Exercise directions. Skip any image you find and restate the rest of the data word for word.

-------- Study material

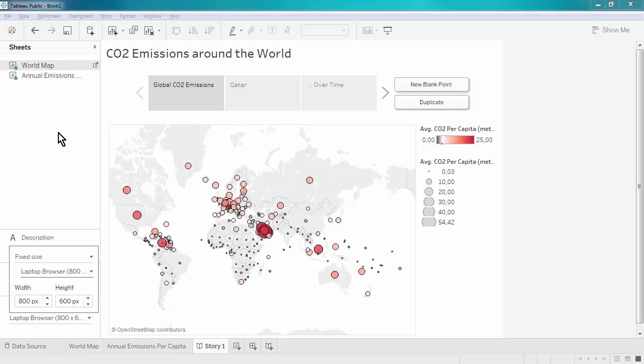In most cases, worksheets fit into the story points automatically. However, when using dashboards, you might want to adjust the size so that they fit into the story.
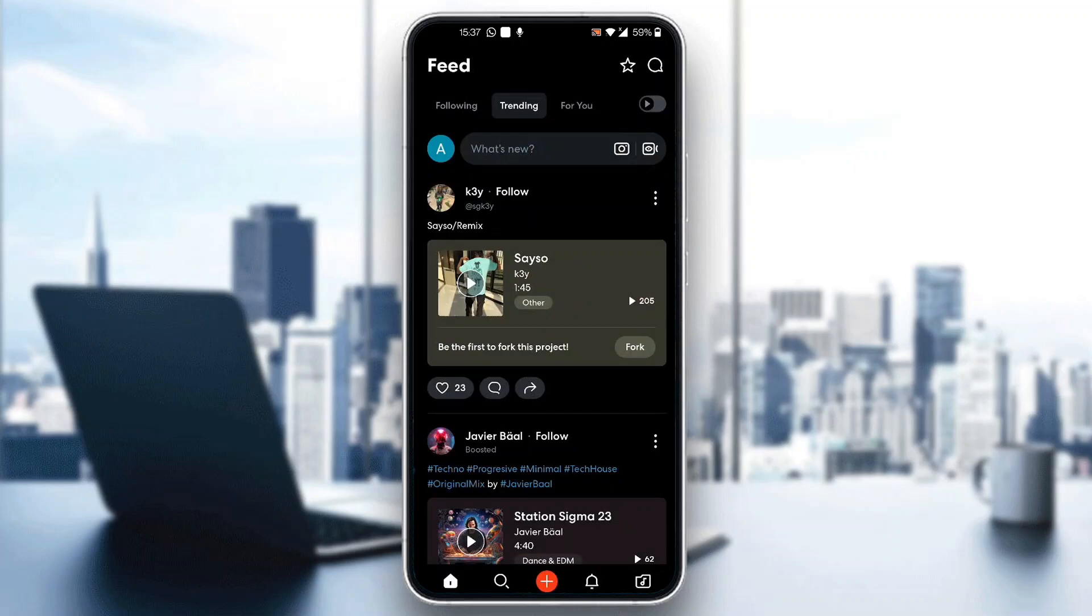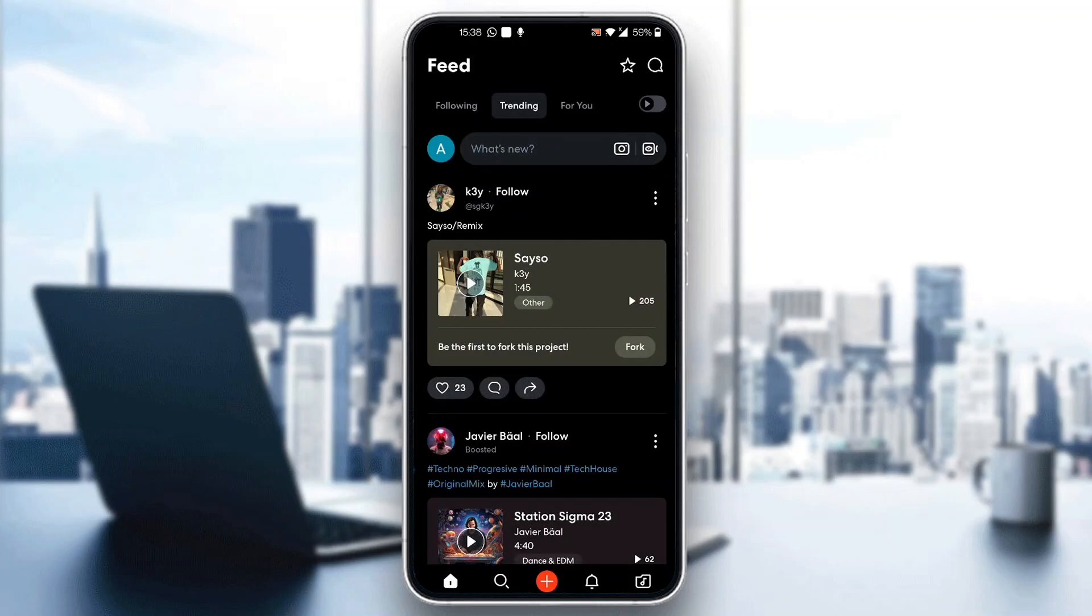The first thing we need to do is get started with creating a new project. We can do that by clicking the plus button right here in the middle of the screen. If you click that, it'll take us to this new page where we can either open up our studio or get started with editing tracks.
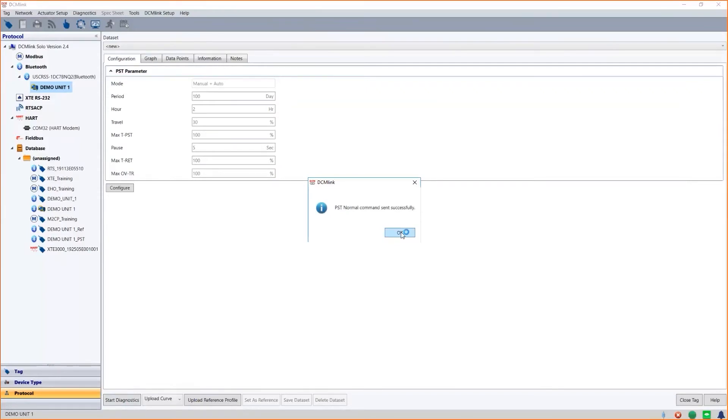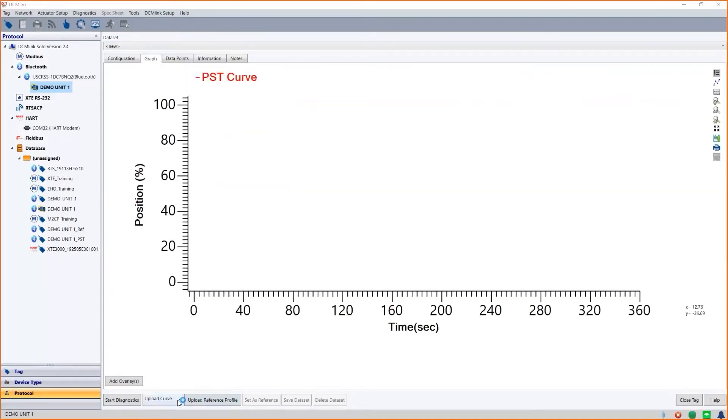While the test is running, let me show you other capabilities. The XTE3000 actuator can record up to 16 PST curves, in addition to the standard 100 torque curves.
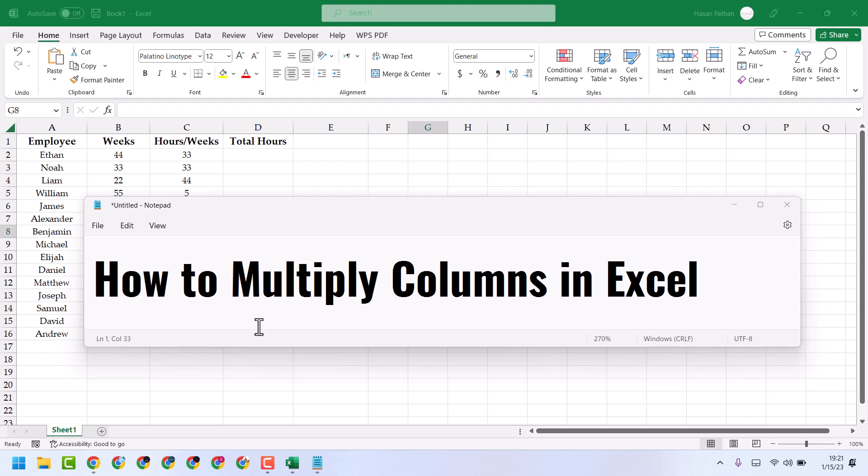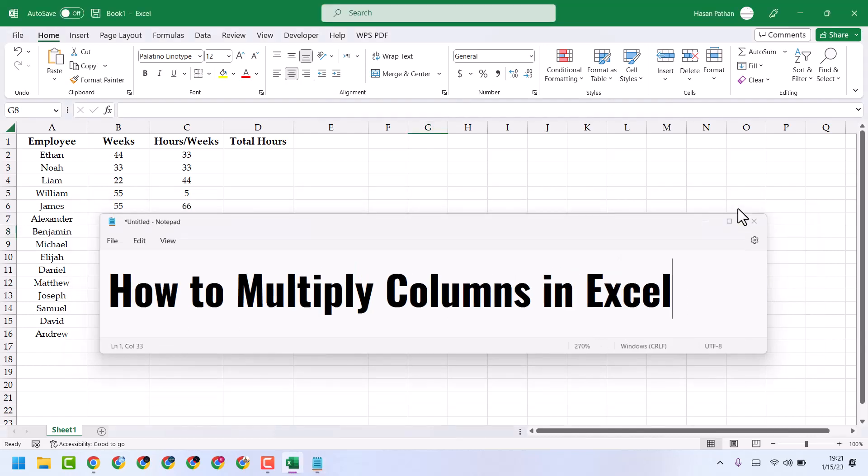Hello friends, in this video I will show you how to multiply columns in Excel. So very simple and easy way.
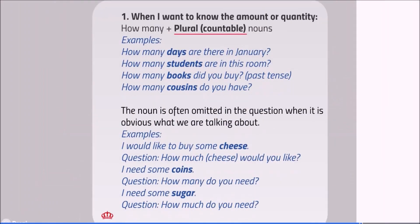How many? When I want to know the amount or quantity, we use how many plus plural countable nouns. Examples: How many days are there in January? How many students are in this room? How many books did you buy? How many cousins do you have?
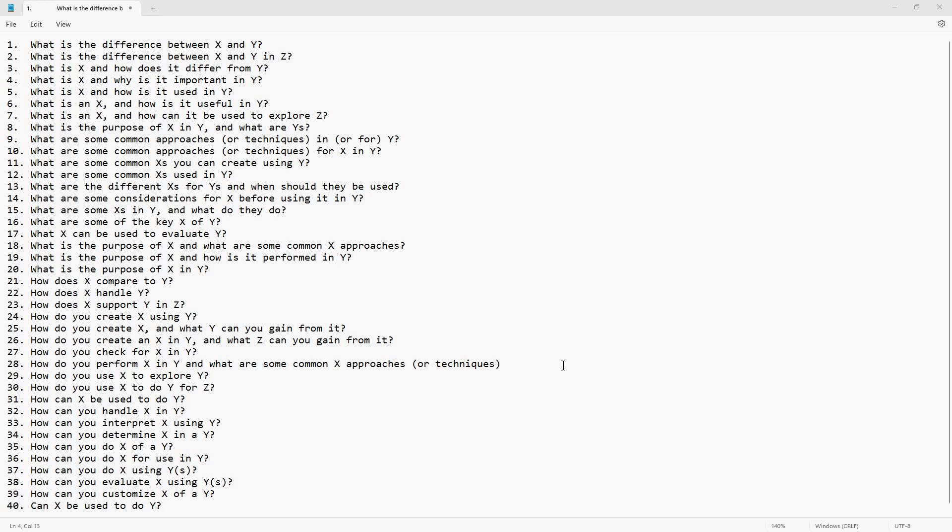Hello, welcome to another Adventures in Bing chat video.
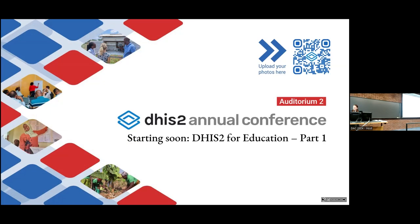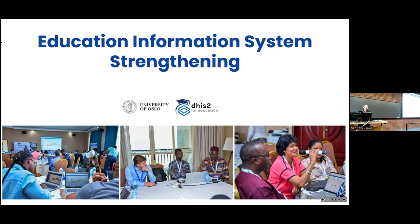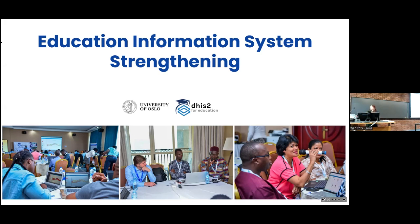Good morning everyone — checking you can hear as well. Good morning to everyone online. We were just getting the teams from the tea break, which is a different building, so it might take some time for folks to trickle in. Good morning and thank you so much for joining us today. My name is Sophia Koziakis and I'm the education project manager for the DHIS2 for Education project.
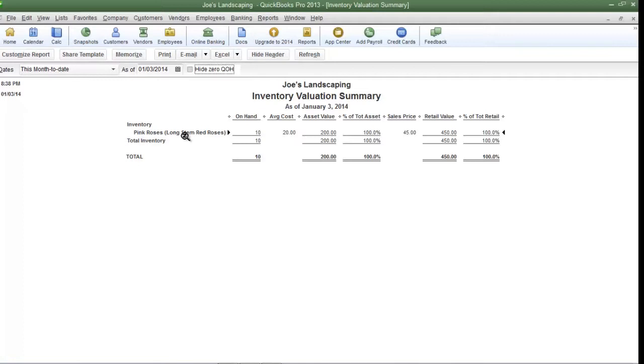And that is how you create an inventory valuation summary report. If you have any questions please send me an email. Once again my name is James Fox and I'll see you next time.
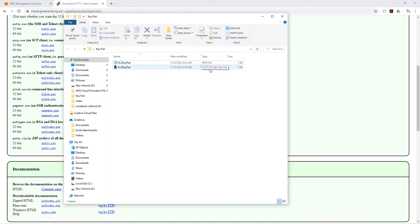Which is my PPK file. That is how you convert a PEM file to a PPK file using PuTTY keygen. Thank you and I'll see you in the next tutorial. Bye.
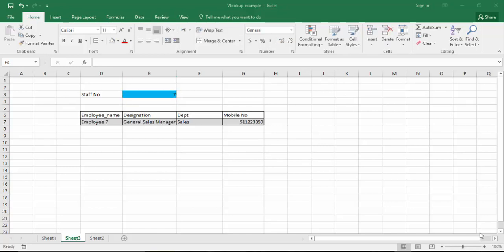That's it from me, friends. Hope you understand the VLOOKUP formula now. See you soon with more interesting stuff — till then, goodbye. Bye.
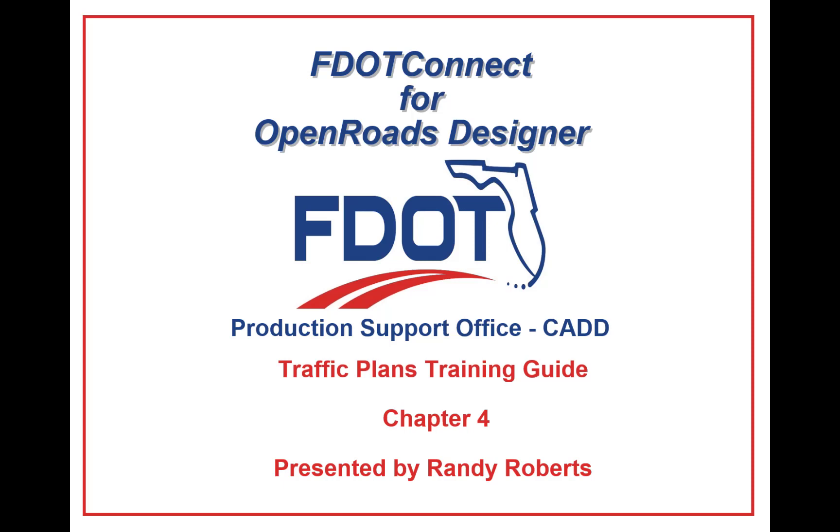Welcome to the CAD Office Training Guide Series for FDOT Connect. I am Randy Roberts, CAD Application Support Specialist 4, and today I will be going through the FDOT Connect Traffic Plans Course Guide. In this series of videos, I will take you step-by-step through each exercise from the course guide. Today we will start with chapter 4 of the course guide, Traffic Planning.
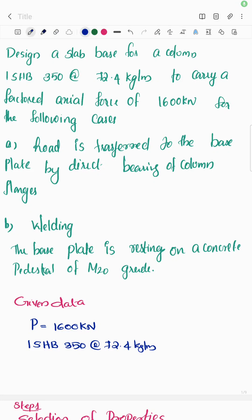Slab base problem. Design a slab base for a column ISHB 350 at 72.4 kg per meter to carry a factored axial force of 1600 kN for the following cases. First case: load is transferred to the base plate by direct bearing of column flanges. Second case: by welding. The base plate is resting on a concrete pedestal of M20 grade.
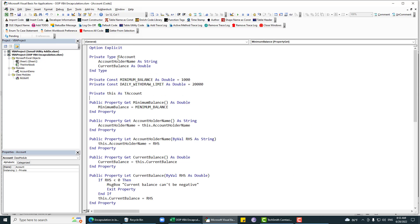Basically, encapsulation means hiding data and encapsulating all the data into a single unit, only giving necessary access outside the class. If some data is read-only, give read-only access; if write-only, give write-only access; if internal, give no outside access at all. That's it — if you have any questions or suggestions, feel free to comment. Thank you, have a good day.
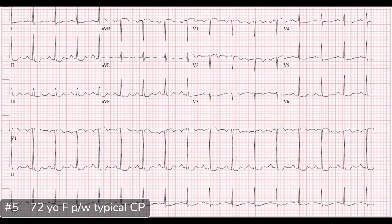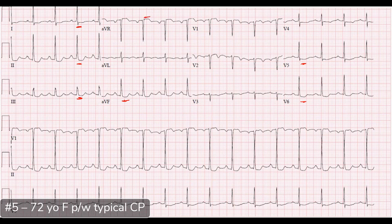On the ECG: heart rate around 100, rhythm looks sinus with a P for every QRS. Axis is normal, intervals all look normal — the PR is borderline around 200 but I'd call it normal. In terms of ischemia, I see multi-lead ST depressions especially in inferior leads 2, 3, AVF and lateral leads V5, V6, and also lead 1. Whenever I see that pattern, I look at AVR — and there is AVR elevation of at least 1 millimeter.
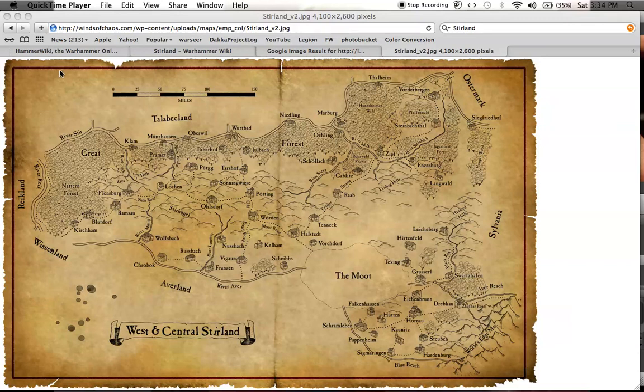What up, players? It's World Boss. Stay up in this mode. Today we're doing a Fluff Hunters video on Stirland.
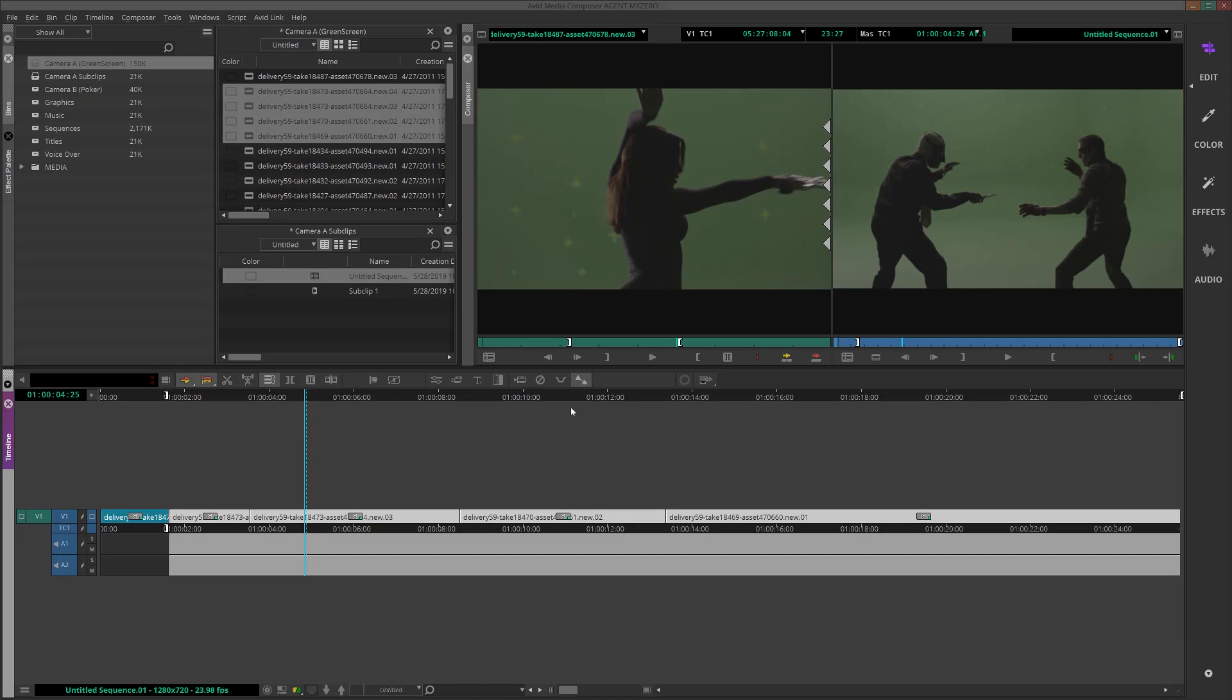So now that we've logged our footage, it's time to start assembling our first draft, which we'll do in the very next video. So I'll see you there.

----------------

Answer below.
In most cases, worksheets fit into the story points automatically. However, when using dashboards, you might want to adjust the size so that they fit into the story.
The first thing we need to do is get started with creating a new project. We can do that by clicking the plus button right here in the middle of the screen. If you click that, it'll take us to this new page where we can either open up our studio or get started with editing tracks.
While the test is running, let me show you other capabilities. The XTE3000 actuator can record up to 16 PST curves, in addition to the standard 100 torque curves.
Hello friends, in this video I will show you how to multiply columns in Excel. So very simple and easy way.
How many? When I want to know the amount or quantity, we use how many plus plural countable nouns. Examples: How many days are there in January? How many students are in this room? How many books did you buy? How many cousins do you have?
Hello, welcome to another Adventures in Bing chat video.
Good morning everyone — checking you can hear as well. Good morning to everyone online. We were just getting the teams from the tea break, which is a different building, so it might take some time for folks to trickle in. Good morning and thank you so much for joining us today. My name is Sophia Koziakis and I'm the education project manager for the DHIS2 for Education project.
And that is how you create an inventory valuation summary report. If you have any questions please send me an email. Once again my name is James Fox and I'll see you next time.
Which is my PPK file. That is how you convert a PEM file to a PPK file using PuTTY keygen. Thank you and I'll see you in the next tutorial. Bye.
That's it from me, friends. Hope you understand the VLOOKUP formula now. See you soon with more interesting stuff — till then, goodbye. Bye.
Welcome to the CAD Office Training Guide Series for FDOT Connect. I am Randy Roberts, CAD Application Support Specialist 4, and today I will be going through the FDOT Connect Traffic Plans Course Guide. In this series of videos, I will take you step-by-step through each exercise from the course guide. Today we will start with chapter 4 of the course guide, Traffic Planning.
Slab base problem. Design a slab base for a column ISHB 350 at 72.4 kg per meter to carry a factored axial force of 1600 kN for the following cases. First case: load is transferred to the base plate by direct bearing of column flanges. Second case: by welding. The base plate is resting on a concrete pedestal of M20 grade.
Basically, encapsulation means hiding data and encapsulating all the data into a single unit, only giving necessary access outside the class. If some data is read-only, give read-only access; if write-only, give write-only access; if internal, give no outside access at all. That's it — if you have any questions or suggestions, feel free to comment. Thank you, have a good day.
On the ECG: heart rate around 100, rhythm looks sinus with a P for every QRS. Axis is normal, intervals all look normal — the PR is borderline around 200 but I'd call it normal. In terms of ischemia, I see multi-lead ST depressions especially in inferior leads 2, 3, AVF and lateral leads V5, V6, and also lead 1. Whenever I see that pattern, I look at AVR — and there is AVR elevation of at least 1 millimeter.
What up, players? It's World Boss. Stay up in this mode. Today we're doing a Fluff Hunters video on Stirland.
So now that we've logged our footage, it's time to start assembling our first draft, which we'll do in the very next video. So I'll see you there.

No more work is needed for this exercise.